Beaulieu also pointed out that government-based short-term stimulative drivers are supported by long-term labor shortages in developed countries. The U.S.’ fertility rate stands at 2.06, while most European countries are below 2.0 and Asian countries are at or near the “no return” rate of 1.3. Beaulieu said that no country has recovered from a fertility rate below 1.3, or approximately where Russia is today.

These short- and long-term drivers, along with other factors, are why AIA’s Kellett says he expects the North American machine vision market to perform well in 2012 and beyond, led by semiconductors and automobiles, food and beverage, and energy production (petroleum and coal). Kellett calls for an average growth rate in the machine vision market of 4.3% in 2012, which represents a return to the long-term machine vision market growth trend since 2002. Both Kellett and Beaulieu say they believe in the long-term profitability of the automation market as developed countries seek to increase productivity in the face of shrinking labor pools.

Growth Markets
Analysts expect automotive, semiconductor, and consumer electronics markets will continue to lead growth in the manufacturing sector, but there are other opportunities, too.

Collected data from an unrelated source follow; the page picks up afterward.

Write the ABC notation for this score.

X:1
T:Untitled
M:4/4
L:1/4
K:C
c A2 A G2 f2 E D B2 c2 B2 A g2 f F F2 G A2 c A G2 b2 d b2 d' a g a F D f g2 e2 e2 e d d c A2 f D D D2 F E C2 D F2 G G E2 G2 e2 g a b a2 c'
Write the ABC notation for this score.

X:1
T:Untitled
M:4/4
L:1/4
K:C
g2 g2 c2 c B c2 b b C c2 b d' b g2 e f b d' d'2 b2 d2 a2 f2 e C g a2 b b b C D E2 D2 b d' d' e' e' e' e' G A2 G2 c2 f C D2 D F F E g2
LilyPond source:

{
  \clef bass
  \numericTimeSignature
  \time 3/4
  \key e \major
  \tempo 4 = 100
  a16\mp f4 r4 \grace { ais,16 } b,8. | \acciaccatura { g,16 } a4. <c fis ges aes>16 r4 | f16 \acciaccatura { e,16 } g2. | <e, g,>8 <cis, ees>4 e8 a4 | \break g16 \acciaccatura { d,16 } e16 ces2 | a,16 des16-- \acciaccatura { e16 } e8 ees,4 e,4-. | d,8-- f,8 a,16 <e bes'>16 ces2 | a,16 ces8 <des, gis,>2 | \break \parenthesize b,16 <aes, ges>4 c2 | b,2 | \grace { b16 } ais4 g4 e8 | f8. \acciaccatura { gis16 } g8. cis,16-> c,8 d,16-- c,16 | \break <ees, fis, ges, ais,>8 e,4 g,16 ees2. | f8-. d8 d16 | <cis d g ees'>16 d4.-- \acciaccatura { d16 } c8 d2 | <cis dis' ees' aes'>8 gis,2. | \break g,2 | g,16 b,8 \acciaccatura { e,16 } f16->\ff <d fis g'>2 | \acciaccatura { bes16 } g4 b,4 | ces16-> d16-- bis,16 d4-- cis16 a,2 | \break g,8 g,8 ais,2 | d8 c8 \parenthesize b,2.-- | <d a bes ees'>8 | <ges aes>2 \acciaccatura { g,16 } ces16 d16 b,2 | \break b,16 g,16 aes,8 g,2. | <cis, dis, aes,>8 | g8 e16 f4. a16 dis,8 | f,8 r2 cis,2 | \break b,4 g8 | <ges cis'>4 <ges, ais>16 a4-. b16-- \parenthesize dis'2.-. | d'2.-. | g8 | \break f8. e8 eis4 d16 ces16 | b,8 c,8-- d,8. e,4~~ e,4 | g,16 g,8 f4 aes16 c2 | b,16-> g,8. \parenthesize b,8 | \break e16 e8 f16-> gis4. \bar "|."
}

“We’ve seen tremendous growth across all four of our segments – namely robot guidance, defect detection, assembly verification, and tracking,” says Nicholas Tebeau, Manager, Vision Solutions Business Unit Industrial Solutions at LEONI Vision Solutions (Lake Orion, Michigan). “We chalk that up to both strong market growth and the LEONI’s relatively new entry into the machine vision automation market from our traditional support of the robotics industry.”

“During the downturn,” Tebeau continues, “automotive companies in particular were pressured to make their business as profitable as possible by cutting waste. During the recession, companies didn’t have money to invest, but now they do. And now that the market has turned slightly, we don’t expect them to stop looking for ways to cut waste and increase productivity.”

When it comes to new markets, Tebeau and Beaulieu had one common focus out of many: namely the food and beverage market. “There’s been a lot of interest from the U.S. government wanting the food industry to use product-level tracking. It wasn’t too long ago that food-packaging companies didn’t think much about machine vision for product tracking. Today, they know about the technology and what it can do, and I think we can take that as an indicator of significant growth opportunities in that market,” said Tebeau.

The Time Is Now
Veteran machine vision integrator David Wyatt, CEO of Automation Doctor Inc. (Mishawaka, Indiana), says that that machine vision should look to the strengths of the next generation to see where growth will come. “I think you’re going to see a lot of young entrepreneurs entering the integration business, just like Tom Brennan at Artemis Vision (Denver, Colorado). After speaking with Tom I was struck by the new tools and methods that young integrators bring to the market place - software mainly. Tom and I, for instance, are two of only 18 advanced AIA Certified Vision Professionals. It is encouraging that the younger generation is looking to AIA certification so early.

Wyatt wasn’t the only person at the AIA Business Conference talking about adopting new tools to boost sales and improve customer service. Beaulieu lists 11 items on his automation company’s strategic ”to-do” list. First, while money is cheap, it is important to lock in low rates for the long term. Borrow now to keep cash available for the slight recession predicted in 2014 and potentially more drastic recession of 2019. In the meantime, spend money hiring talent, training, and buying productivity-enhancing tools while the market stays hot for the next five to six years. Beaulieu suggests now is the time to invest in your company, spend on advertising and market research, and capitalize on what will be a growth market for the next several years. Consider raising prices, buying rather than leasing land, and working on what’s next for your business.